Zénon avait déjà proclamé l'universel empire de l'eimarmenè. II avait affirmé que rien arrive si ce n'est en conformité avec l'arrêt du destin. Le premier, il avait fait usage des formules que l'école devait rendre familières, en vertu desquelles «cause des êtres», «raison directrice de l'univers» sont autant de périphrases pour désigner l'eimarmenè. Mais le maître, stoïcien qui fouilla le plus profondément ce problème du destin et qui s'efforça d'en traiter avec le plus de rigueur, fut, sans contredit, Chrysippe. II avait, au dire du péripatéticien Diogénien, composé deux ouvrages à ce sujet. Les principales de ses thèses nous ont été conservées par Cicéron, dans son De Divination et son De Fato, ainsi que par Alexandre d'Aphrodise, dans son propre oeri eimarmenès, spécialement consacré à en établir la réfutation. Or, on ne peut, en les lisant, ne pas être frappé du caractère hautement scientifique que le grand dialecticien sut imprimer à cette doctrine : 

« Toutes choses, dit Cicéron, qui le résume, arrivent en vertu du destin : la raison nous force d'en convenir. Or, j'appelle destin, ce que Les Grecs appellent eimarmenè, c.-à-d. l'ordre, la série des causes, attendu que la cause rattachée à une cause engendre à son tour un effet : c'est là la vérité immuable qui coule de toute éternité. Cela étant, rien n'a eu lieu qui n'ait dû se produire et de même rien n'arrivera dont la nature ne renferme les causes propres à le réaliser. D'où il est manifeste que le destin n'est pas ce que l'on prend dans une acception superstitieuse, mais le nom dont, en langage de physicien, on désigne la cause éternelle des choses, en vertu de laquelle s'est accompli ce qui a eu lieu, ce qui est présent se produit, et ce qui est à venir arrivera. » (De Divin., 1, 55, 125).
Par conséquent, le mot eimarmenè; signifie l'enchaînement causal ininterrompu qui relie à des antécédents invariables toute génération d'effets. Rien en cela d'une fatalité mystérieuse, fantôme de la crédulité, mais bien un conditionnement universel, exclusif de toute contingence comme de tout arbitraire, et qui offre une saisissante analogie avec le déterminisme des phénoménistes modernes, selon qui, tout le secret de la causalité réside dans la relation invariable, conçue comme nécessaire, grâce à une inflexible association d'idées entre le système des conséquents et celui des antécédents (Alex. Aphr., peri eim., ch. VIII, 23 et 25). Ce nexus, il est vrai, peut échapper au regard de l'humain, et alors nous déguisons notre ignorance par des fictions, telles que : le fortuit et le spontané. De ce déterminisme on entrevoit le corollaire psychologique si grave : l'extension aux actions et aux volitions humaines de cet empire sans réserves exerce par l'éternel et invariable destin.

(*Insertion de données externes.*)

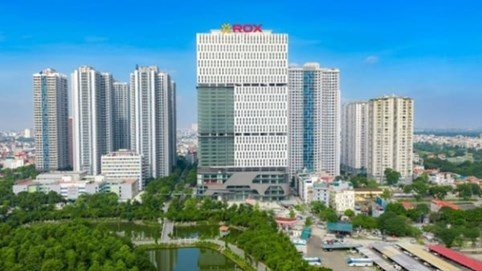 Trục giá trị vàng của mô hình Smart Asset tại ROX Tower Goldmark City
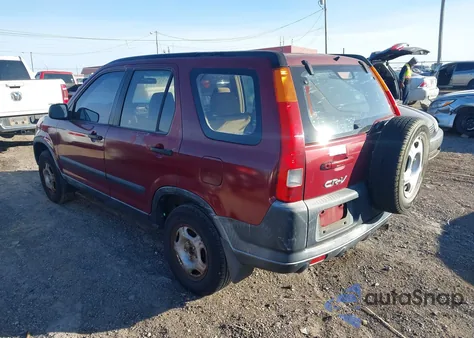 2004 Honda Cr-V Lx from USA, damaged, VIN JHLRD684X4C021323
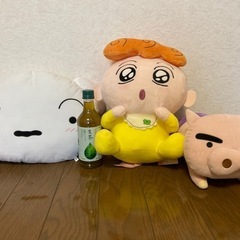クレヨンしんちゃんぬいぐるみセット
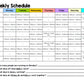 Life Skills - Reading - Writing - Work Schedules - Job Training - Vocational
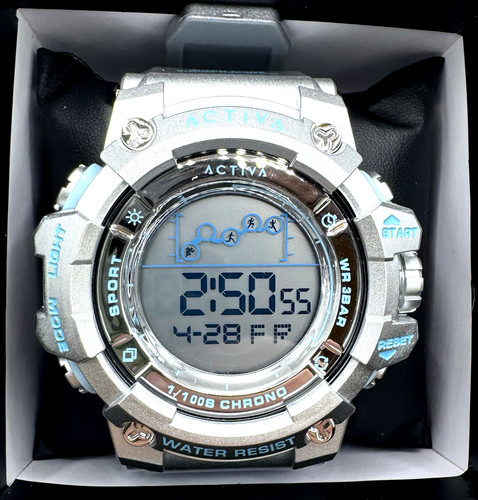Orologio digitale uomo - , activa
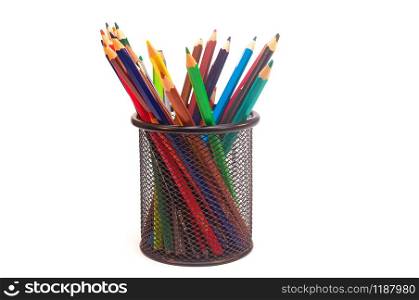 Pencils for drawing isolated on white background. Pencils for drawing isolated on white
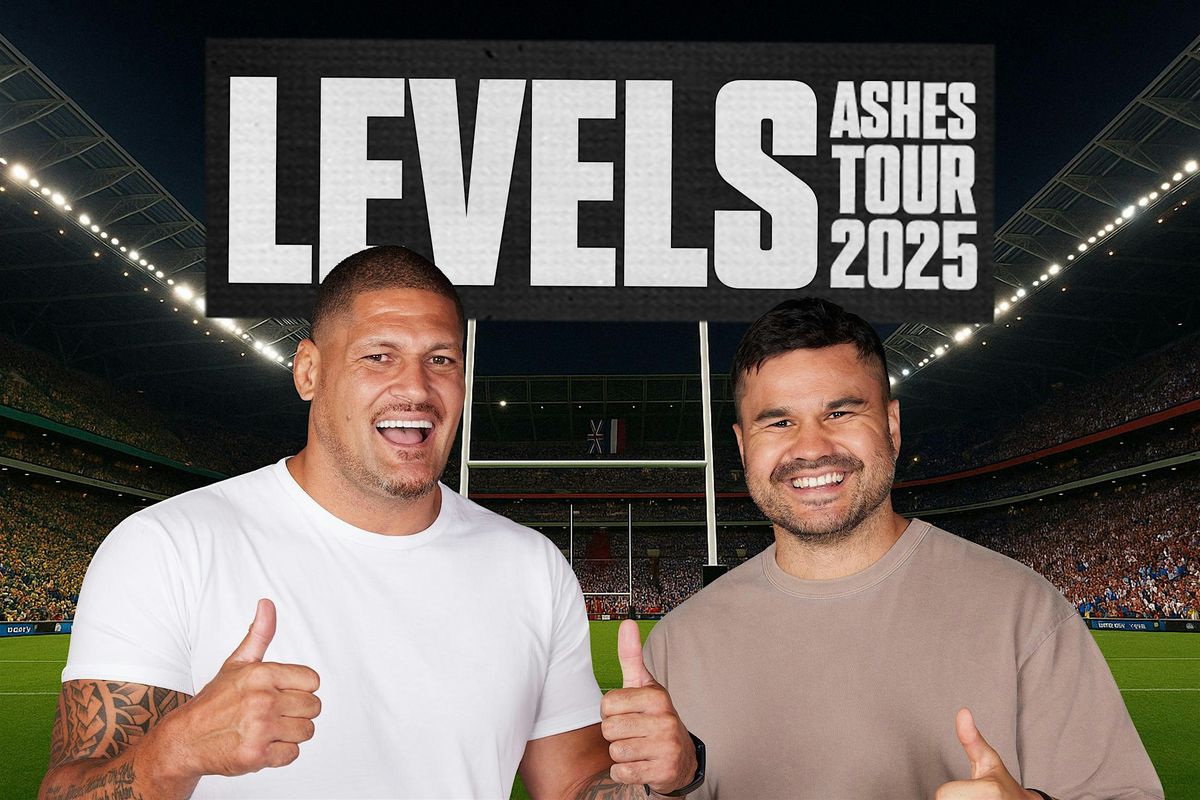 Australia V England Pre 2nd  Test Live Show with the Levels Network Podcast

Ce dogme de l'eimarmenè n'allait-il pas mettre en péril la croyance en l'action bienveillante des dieux et compromettre jusqu'à la certitude de leur existence, puisque notre conviction de leur sollicitude est de cette existence elle-même, somme toute, la suprême garantie? Loin de là, Chrysippe multipliait et prolongeait sans fin les sorites afin de prouver qu'une telle croyance est le fondement solide de la théologie, de la religion et de la morale (Alex. Aphr., ibid., ch. XXXVII). Il faisait plus encore : ce destin qu'il avait dit identique à la vérité éternelle, identique également à la nature, attendu que nature et destin ne font que dénommer différemment la puissance génératrice universelle, il le déclarait, par une identification plus hardie, que l'école entière accepta, ne faire qu'un et se confondre avec la prescience et avec la providence divines, la pronoia. C'est ainsi que le Portique était conduit à prendre le contrepied de la science épicurienne. Il soutenait donc - et à cette thèse de nombreux développements étaient consacrés par ses maîtres - que la nécessité à laquelle le monde est soumis et dans sa formation et dans son cours n'était nullement aveugle, mais, bien au contraire, tissée en quelque sorte par une pensée vigilante. Il avait écrit, sur ce sujet, un ouvrage considérable. Le thème fut repris, après lui, par les théoriciens de la secte, avec une remarquable persévérance : ni Posidonius ni Sénèque ne le céderont à Chrysippe pour le zèle à mettre en lumière, la tutélaire activité des dieux. On peut lire dans le De Natura deorum (II, 76 et suiv.) les arguments pressés qu'avance le stoïcien Balbus, invoquant tantôt unité organique du monde, tantôt les merveilleuses harmonies de la nature, tantôt la finalité saisissante dont l'organisation physique, intellectuelle et morale de l'humain, présente tant de signes, pour surprendre cette vaste téléologie à celles des existences qui ont la pensée et la raison, c.-à-d. pour donner comme but au monde l'humain et la divinité. En vain avait-on opposé à Chrysippe l'inévitable objection que soulève la réalité du mal dans le monde. Dans son hymne à Jupiter, Cléanthe avait effleuré la difficulté, en affirmant qu'en fin de compte le père des dieux tourne à l'ordre le désordonné, gagne à l'amour ce qui est hostile et fait partout triompher la concorde et l'unité.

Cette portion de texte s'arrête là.